Ensuite, «on ne peut pas ne rien faire sur les antennes», affirme l'Afsset, qui appelle les opérateurs à mutualiser leurs antennes. Faut-il aussi multiplier les antennes-relais sur le territoire pour en baisser le taux d'émission, une option très débattue? L'Agence n'y est pas hostile. Certes, note-t-elle, les niveaux d'exposition étant beaucoup plus élevés du fait des téléphones portables que des antennes, réduire la puissance des antennes pourrait augmenter l'exposition aux radiofréquences émises par les mobiles. Mais d'un autre côté, cela bénéficierait à la partie de la population qui ne vit pas le portable collé à l'oreille, à commencer par les jeunes enfants.

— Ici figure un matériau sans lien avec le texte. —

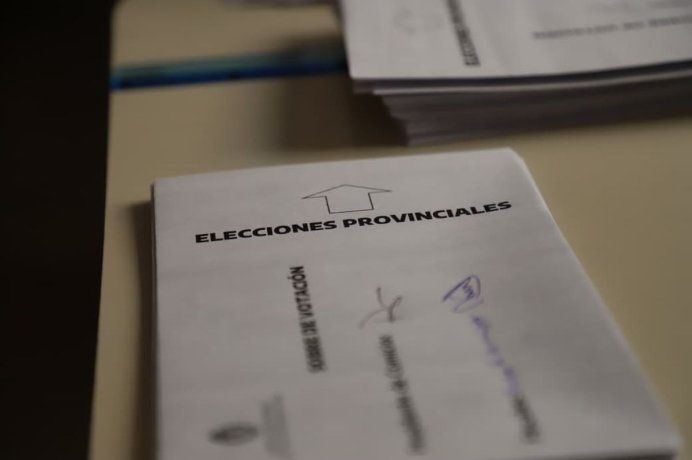 El triunfo de Fuerza Patria en PBA abre una incógnita de cara a las elecciones de octubre. El triunfo de Fuerza Patria en PBA abre una incógnita de cara a las elecciones de octubre.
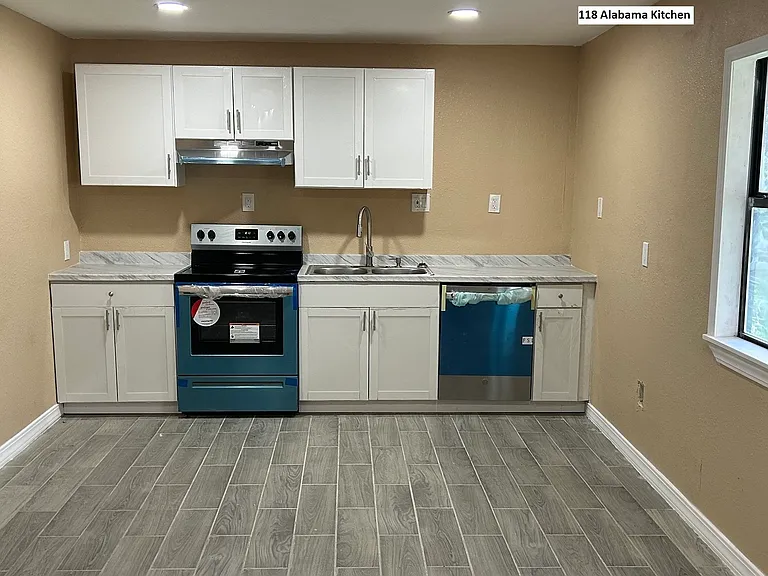 118 Alabama St — Photo 11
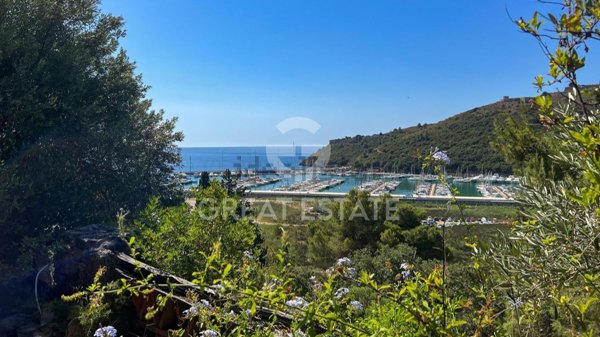 casa indipendente in vendita a Monte Argentario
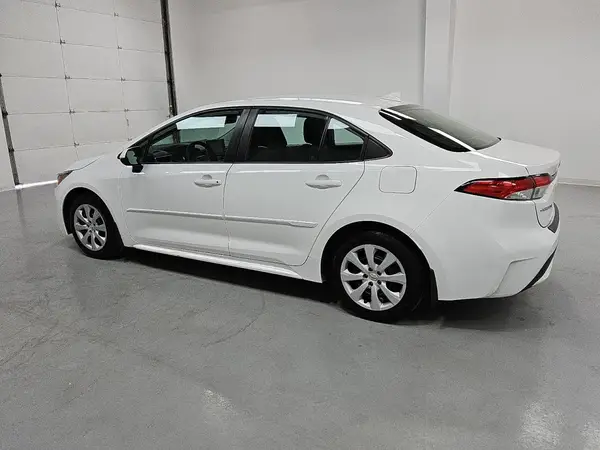 5YFEPMAE3MP220862 2021 TOYOTA COROLLA - Image 2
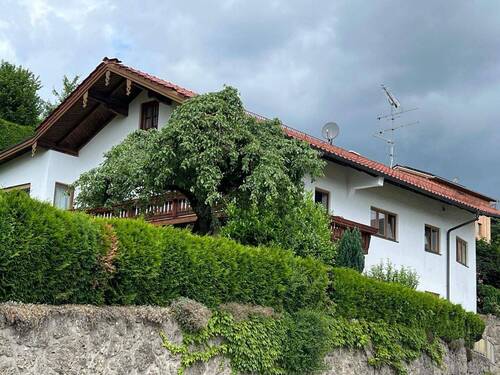 Hausansicht von Süden mit umlaufenden Balkon - 1 Zimmer Mehrfamilienhaus, Wohnhaus zum Kaufen in Rott am Inn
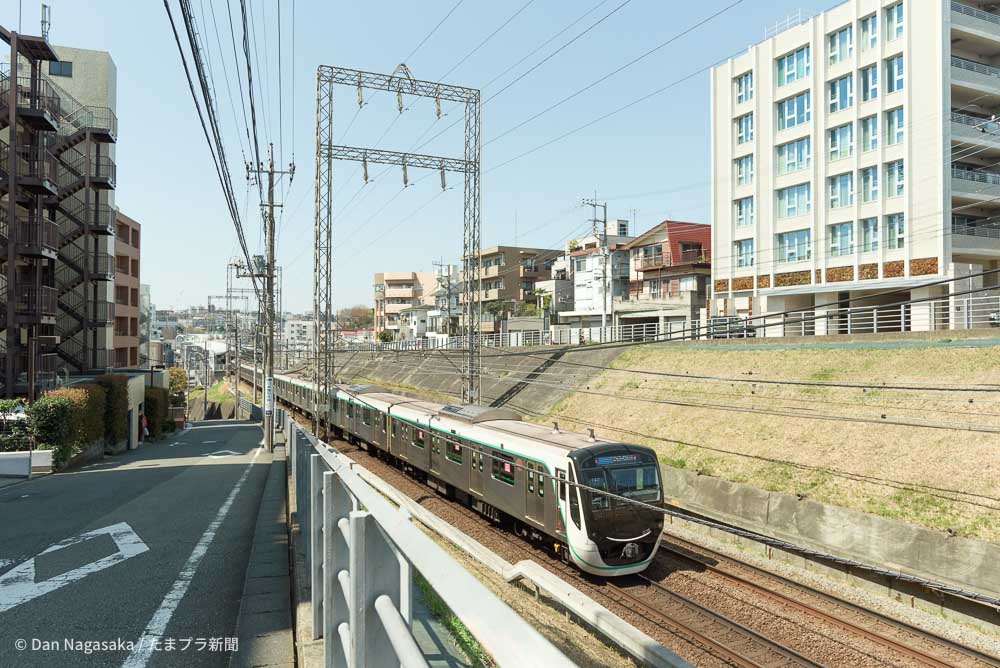 宮前平駅へ入線する電車2020系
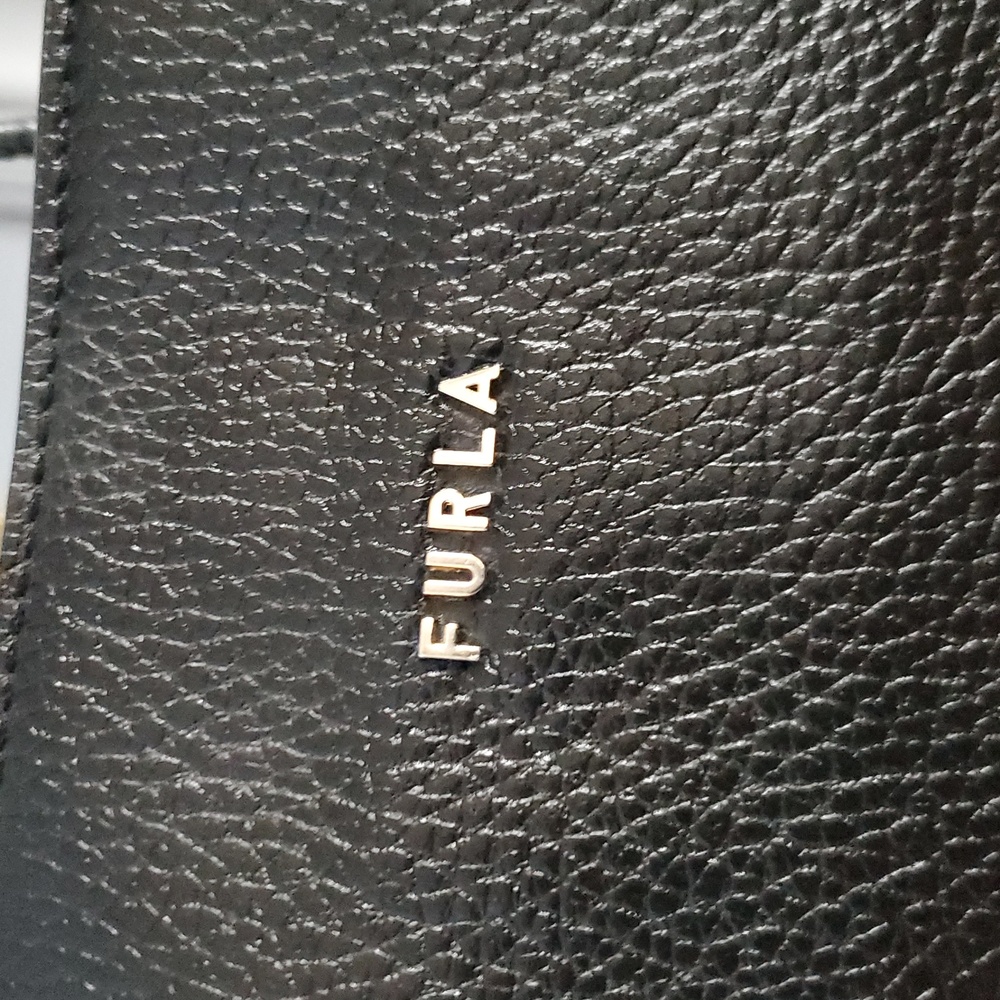 Furla Black Tote Bag with Textured Leather and Gold Hardware - Picture 3 of 9
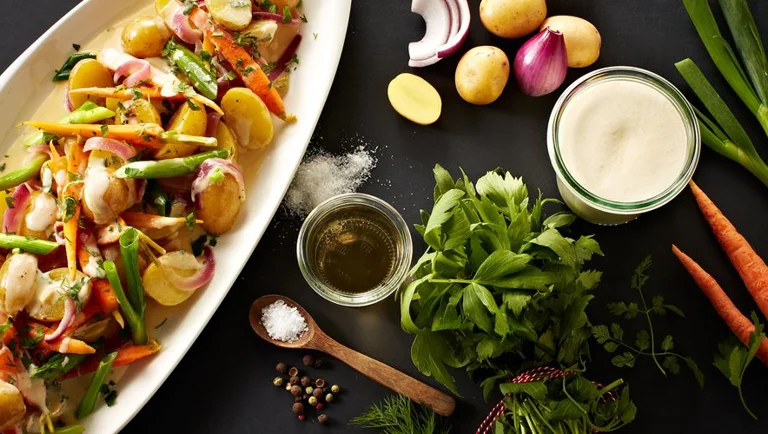 سلطة البطاطا الحارّة مع الخضار والأعشاب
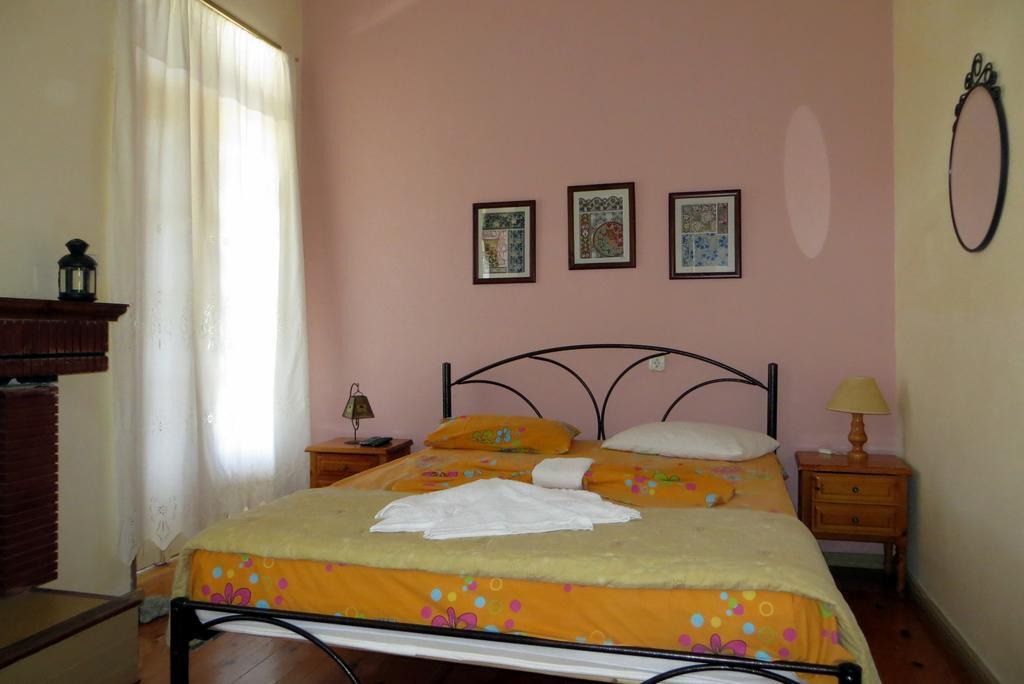 Tsorni Hill Cottage Лефокастро Екстер'єр фото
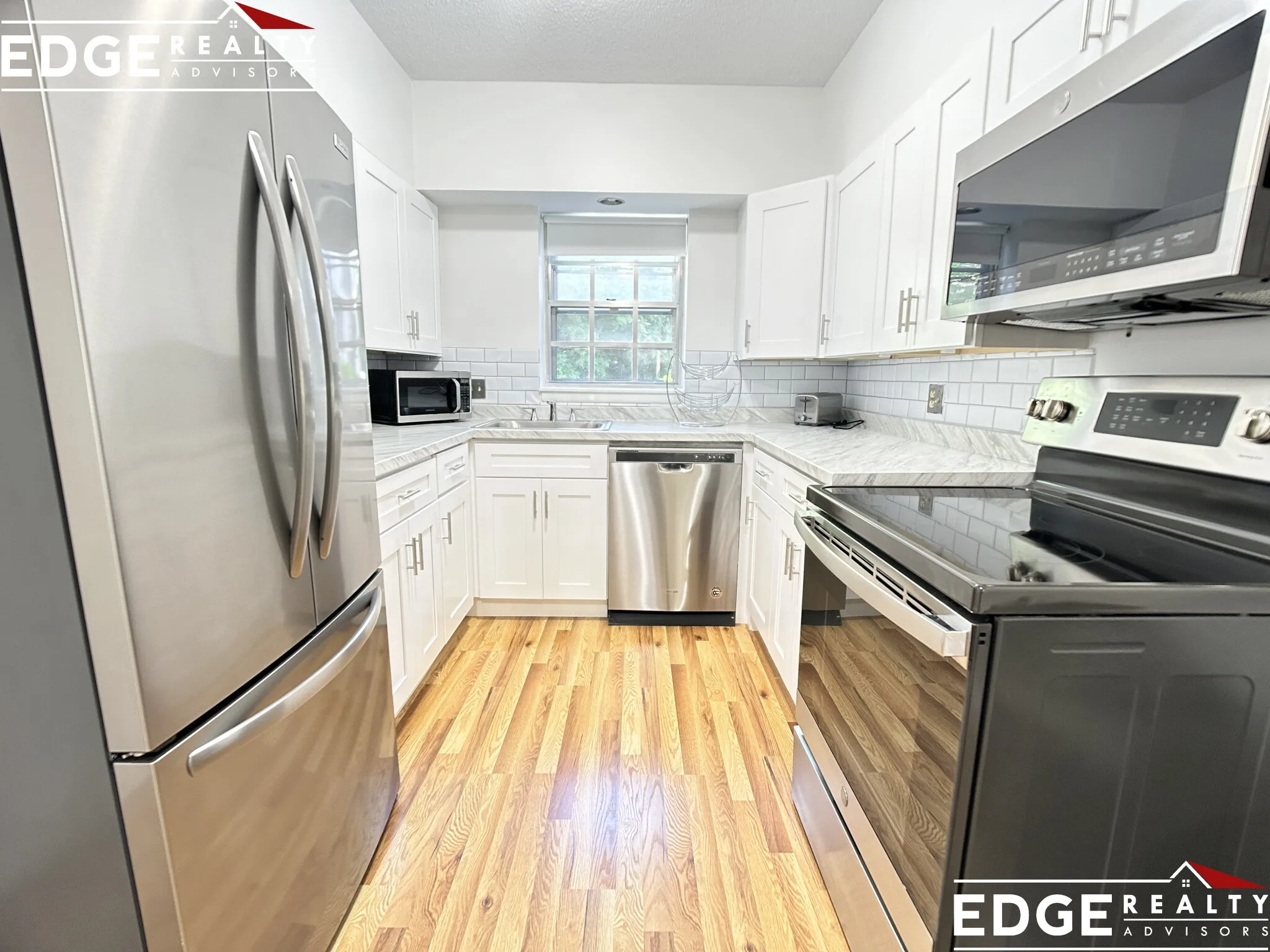 100 Lake Shore Rd, Brighton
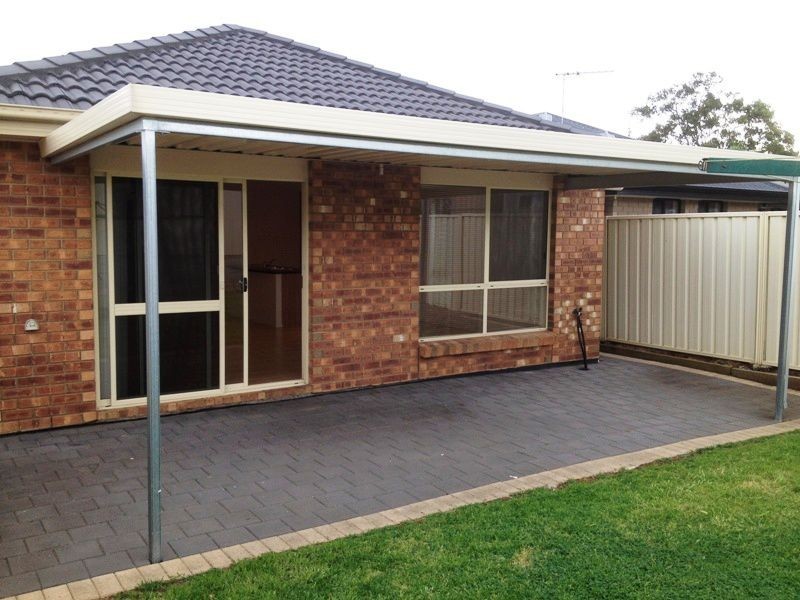 31 Leander Crescent, Greenacres SA 5086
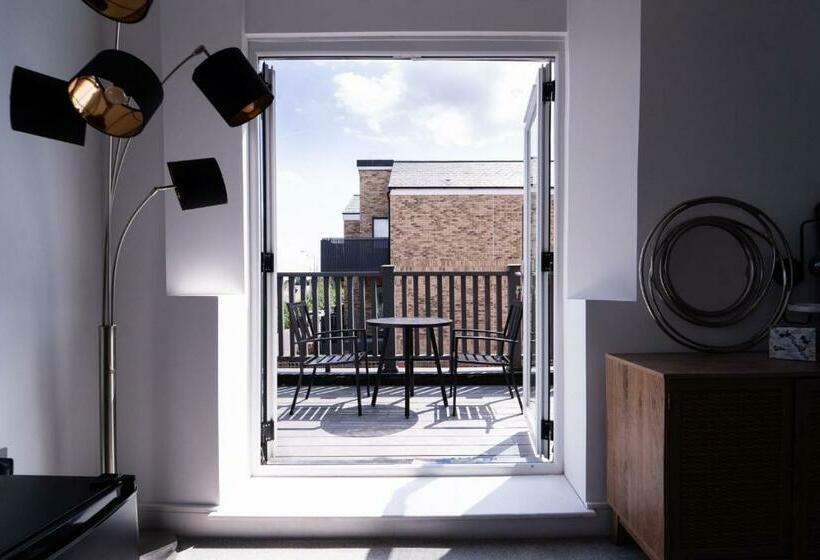 فندق Woodman Pub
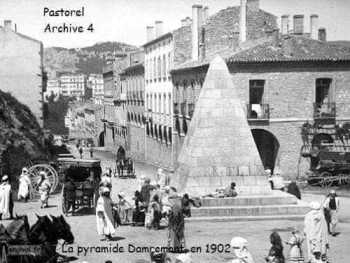 Constantine, 1902, place de la Pyramide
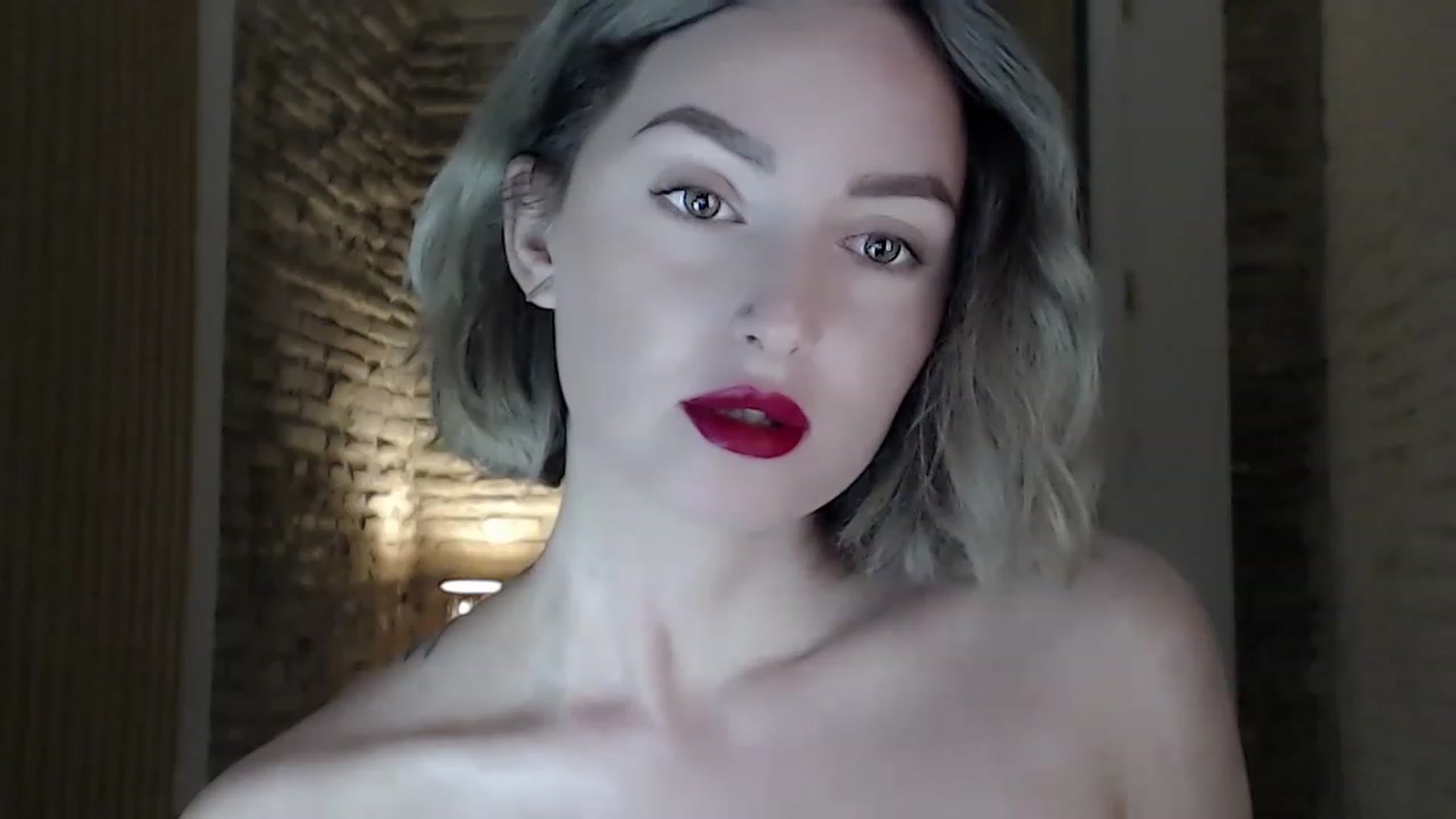 Gallery image thumbnail from Red_Lips_Girl's myfreecams stream on, 05/12/2023, 23:52 image 13 of 20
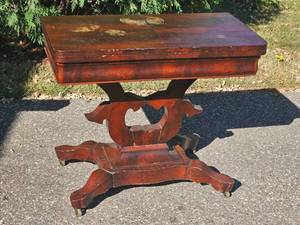 lot 35 image: Antique Mahogany American Empire Game Table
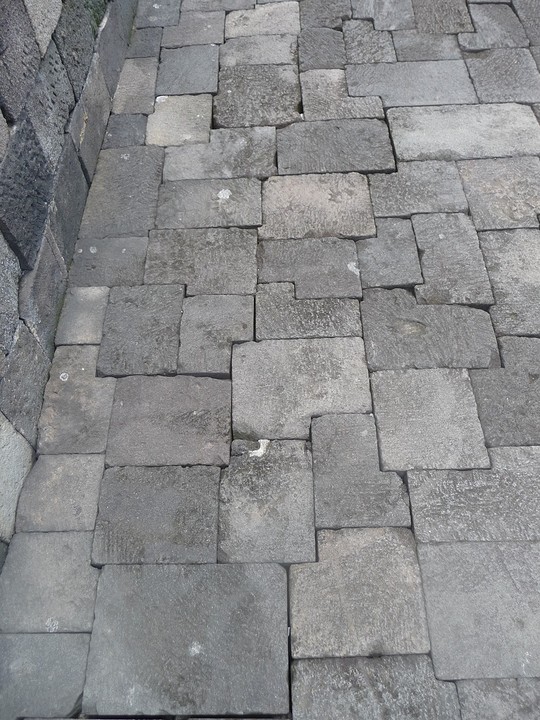 Borobudur, stenen zonder cement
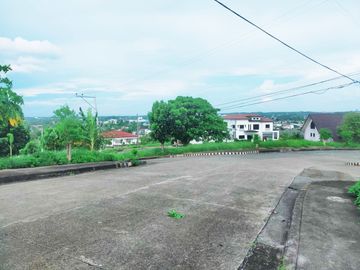 Spacious 6 Bedrooms House with Pool in Uphill Royale Cebu
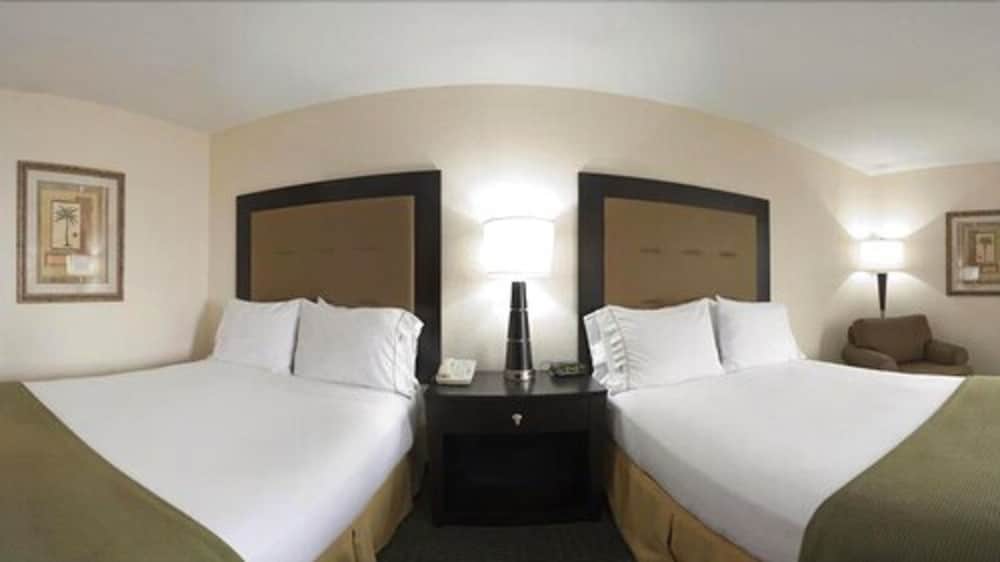 Standard Room, 2 Double Beds - Photo 7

Troisième recommandation, dresser un «plan de surveillance», une cartographie des points de forte concentration des ondes sur le territoire, «indispensable pour booster la recherche» – la carte des antennes, elle, est consultable sur le site de l'Agence nationale des fréquences. Enfin et surtout, «ne pas perdre de temps pour la recherche».
«Double rupture»
Son rapport livré, l'Afsset passe le relais aux ministres de l'Environnement et de la Santé: «On a voulu casser le statu quo, maintenant il faut faire quelque chose.» Même message, en plus véhément, du côté des associations Priartem et Agir pour l'environnement, qui militent pour un abaissement des seuils d'émission et ont été associées à l'intégralité des travaux en qualité d'observateurs. Sorties dépitées du Grenelle des ondes, elles ont salué la «double rupture» que marque selon elles le rapport de l'Afsset : «La reconnaissance du risque et l'affirmation très claire qu'il faut baisser les seuils d'exposition.»
Et en appellent au gouvernement et aux parlementaires pour «mettre en œuvre le principe de précaution» à la faveur de l'examen, en ce moment au Sénat, du Grenelle II: «C'est le moment ou jamais de prendre des amendements en ce sens», presse Stephen Kerckhove, d'Agir pour l'environnement.